The World in 2020…
This may seem far away, but in four years, 2020 will be a reality. In four years, we will see continued growth in technology, which will no doubt impact education as well as the teachers and students who live in this world. In 2016, we are seeing a surge in online education, new web-applications to support teaching and learning, and video-based programing that allows teachers and students to connect and learn from the comfort of their own home. Teachers lead students to discovery, but with the Internet, students are more likely to develop their own path as they use the Web to learn. By 2020, the amount of information available to students will be even larger than it is now, which will be a challenge as teachers start to guide students through the web. Technology will be used to facilitate this learning, even more so than used now. The future of education is already here, and the year 2020 will likely include more online learning, changing the roles of both students and teachers.
Teachers who are currently instructing in a traditional environment will likely find themselves in a more blended teaching environment. Textbooks, learning materials, instructional resources are mostly online because students need flexibility with when and where they can access their learning materials. Learning units will likely be more performance based and include the use of technology. If teachers are not instructing online, they will, at the very least, have an online teaching page that includes classroom resources as well as a teacher blogs recounting instruction for the day. This, again, will be necessary, as students may not be conforming to a traditional school schedule. In a true blended environment, teachers would be teaching face-to-face part of the week and using online instructional when not teaching face-to-face. The time that teachers and students have together will likely be to prepare students for assessments and facilitate group projects.
In a blended/hybrid environment, teachers facilitate learning while students create a more individualized learning path. While state standards will continue to be implemented and used to assess student learning, it is likely that curriculum will be designed in such a fashion to support student learning and creation of their own academic path. Both students and teachers will use blogging to sharing information, creating a more global learning environment. Digital footprints for both students and teachers will increase as they use WikiSpaces to collaborate, blogging to sharing learning, RSS feeds to bookmarks newsfeeds for learning purposes, and use various web-applications to design engaging presentations to demonstrate their teaching and learning. Students will spend less time in class and more time online learning about a topic and, ideally, heading out into the world to see their learning in action.
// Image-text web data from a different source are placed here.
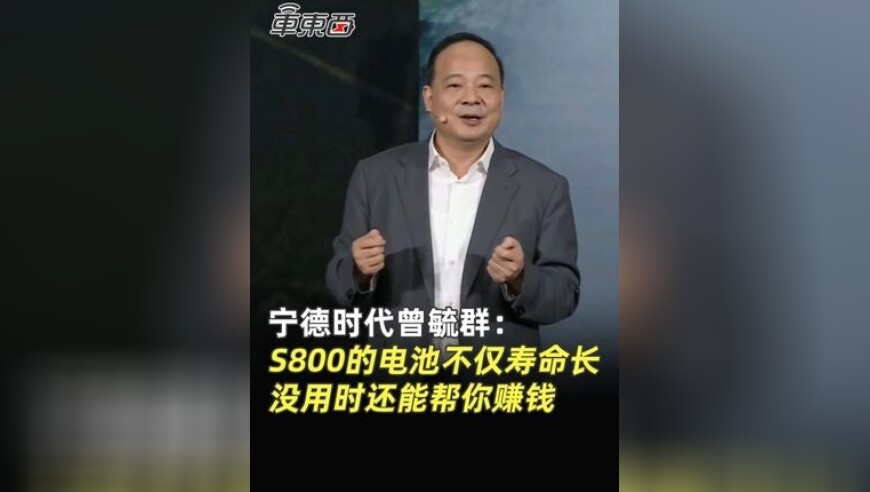 奥门一肖一码期期准,全国两会首场代表通道开启,准确资料解释落实_GM版V6.68
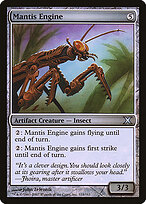 Mantis Engine #333★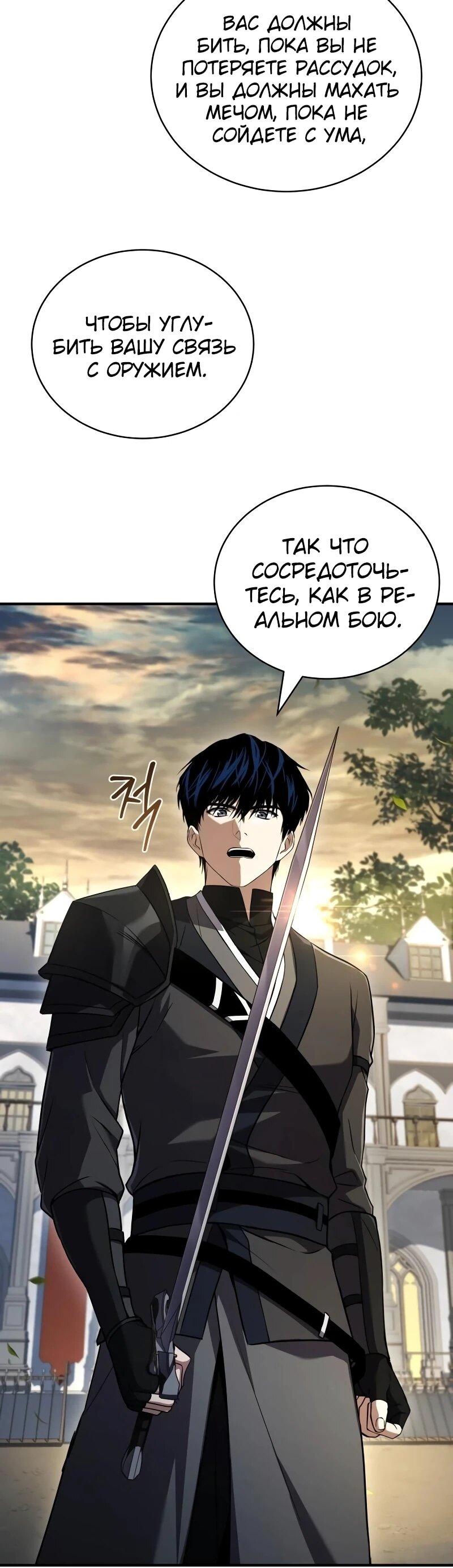 Манга Мастер меча, путешествующий во времени - Глава 24 Страница 33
Traditional school, however, is not going anywhere. In fact, the information presented above is likely to be seen in private schools and programs, as they will have the money necessary to fund this change. What traditional schools will likely see is implementation of their own cyber programs, separate from traditional classroom learning. This means that students will have the option, or be required, to take courses either face-to-face and/ or online. The online component will not be supplemental but canned curriculum purchased by the school. Online learning will be offered to students for a variety of reasons, one being health issues keeping them from coming to school but still wanting a rich, academic experience. Classroom teachers may be paid extra to supervise these online courses, as well. This could potentially reduce class sizes and create more in-class opportunities for collaborative learning experiences.
For schools who cannot afford or do not have the desire to start their own cyber program, district or county cyber programs may be in high demand. For example, the online program for which I work in run by the Chester County Intermediate Unit but serves districts across South Eastern Pennsylvania. We also serve urban districts like Philadelphia and Pittsburgh. An online learning model like ours is attractive because districts can offer their students online courses within their home district. They can choose to be online full or part-time but still receive a diploma from their home school. These online programs use certified teachers who hold office hours, live lessons, and attend live events to meet students in person and create rapport.
As far as technology is concerned, there will be an increase in devices within classrooms. More so than today, students will be using Ipads, Iphones, and tablets to guide their learning. Students will likely have experience with these devices as early as primary school, so their use in middle to secondary school use will be second-hand. This is positive because less time will be needed to train students on devices leaving more time for learning. Teachers will also need to be skilled in using these devices to instruct and support student learning. Web-conferencing tools like Skype and Google Hangouts will be used by both teachers and students to connect outside of the traditional class schedule. This is because students may require more meeting time as they develop their own learning path and collaborate with classmates. Teachers will need to be flexible in order to connect with students and support their learning.
On a more personal level, I see teachers, like myself, who have been teaching online for many years, becoming leaders in the online world. I imagine my job will eventually include both instruction and training, possibly outside of my program as schools and districts look to train their teachers in virtual instruction. I also see those with online experience building our own content, moving away from the canned curriculum we feel so restricted by in our current classroom. Our experiences learning about different learning management platforms will prepare us for the day when we build our own curriculum to meet the varying needs of our online learners.
The world of education is changing, and there is no doubt that technology is playing a role in that change. Our job is learning as much as we can to be best prepared for this not-so-distant future and support our students. The advantage of this change is that teachers and students will need to work together in order to support each other and keep up with the changing times. The better we prepare our students for change and the more equipped they are with the technology, the better professionals they will be in a world that will be even more reliant on technology, a world past 2020 and much more into the future.